## Information provided

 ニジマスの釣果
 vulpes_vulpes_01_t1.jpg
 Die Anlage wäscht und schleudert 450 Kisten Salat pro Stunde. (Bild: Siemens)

## To do
A reply that repeats all the data exactly is required.

## Output for this exercise
 ニジマスの釣果
 vulpes_vulpes_01_t1.jpg
 Die Anlage wäscht und schleudert 450 Kisten Salat pro Stunde. (Bild: Siemens)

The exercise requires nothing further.